Cardiovascular Magnetic Resonance (CMR) may detect coronary obstruction, previous myocardial infarction and a variety of cardiac problems during the same session using either dobutamine or adenosin as stressors. Assessing all potential problems asks patients to remain in the scanner for several hours. What might readily be seen in an echocardiogram takes many cuts and sequences with CMR and is about ten times more time consuming than echocardiography - besides the cost and the discomfort for the patients. The prevalence of diseases increases with age, as well as unspecific symptoms such as dyspnea as an equivalent for severe coronary artery disease, pulmonary hypertension of any cause or valvular disease. During the past ten years, there has been a growth in a fundamental misconcept in cardiology, e.g. that pharmacological stress testing is equally effective to exercise physiology. This has lead investigators to use and promote mainly vasodilator stress studies in CMR laboratories and for the detection of the functional significance of coronary stenoses using coronary CT or fractional flow reserve (FFR). Vasodilator Stress - a misconcept in modern cardiology

The problem with this stressor in a patient able to exercise - and far less is known about the effect of dobutamin stressing - is the problem of coronary steal, which leads to misleading results (false positive ischemia) in a given patient with symptoms and functionally working collaterals. Using exercise physiology, the risk of misclassification of a patients real life coronary ciculation appears much lower. Further, exercise physiology may provoke coronary spasms, which usually are not provokable by vasodilators. CardioSPECT is the real one-stop-shop

CardioSPECT was published in 2006 by Kardiolab and includes a comprehensive assessment of exertional symptoms such as angina or dyspnea using a dataset of objective measurements to assess the underlying disease that include

  • myocardial perfusion SPECT with the
  • addition of Lung-Heart-Ratio
  • Transient ischemic dilation ratio
  • Exercise Echocardiography with the addition of
  • peak pressure gradients over the triscupid valve
  • right ventricular function with 2D and TAPSE

Using this approach, a variety of diagnostic differentiation becomes clinically sizable. Especially the causes of exertional dyspnea can be further differentiated in an objective manner. One can differentiate between arterial and venous pulmonary hypertension, global myocardial ischemia or diastolic dysfunction.

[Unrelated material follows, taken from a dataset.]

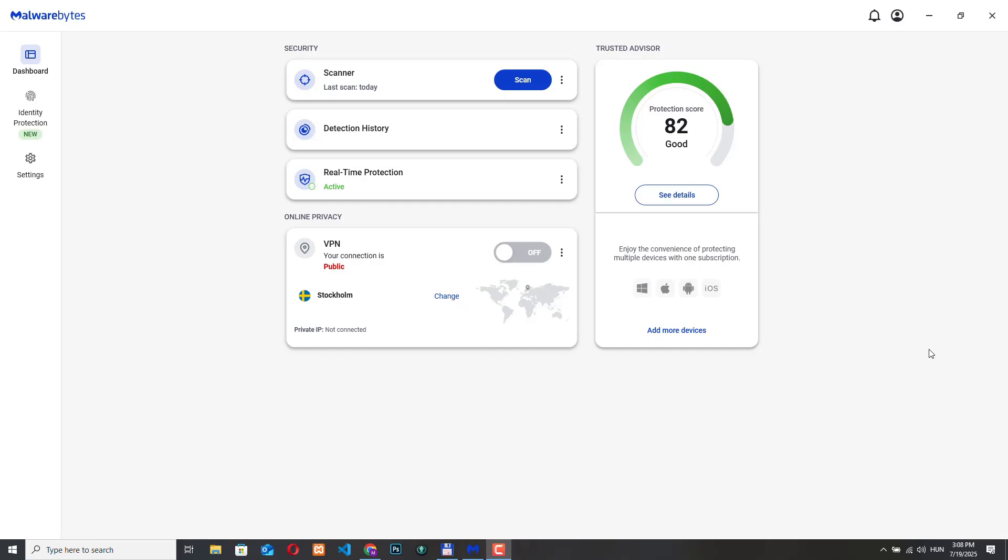Now if you are using Malwarebytes the VPN feature is already built into it so if you have a premium plan you already have access to VPN functionalities. So let me show you what it looks like.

All together with the patients history and other data may give important hints to the clinician: does the patient need a coronary angiogram or rather an exercise right heart cath? Not to speak about the therapeutic implications that such differentiations may have not only on patients management but also on his well being and prognosis. Therefore, in the combination of two very well validated imaging modalities - exercise SPECT and echocardiography - all clinically important aspects can be evaluated rapidly, with relatively little patient dysconfort and with a much higher diagnostic information than what can be obtained from adenosin CMR, FFR or adenosin CT.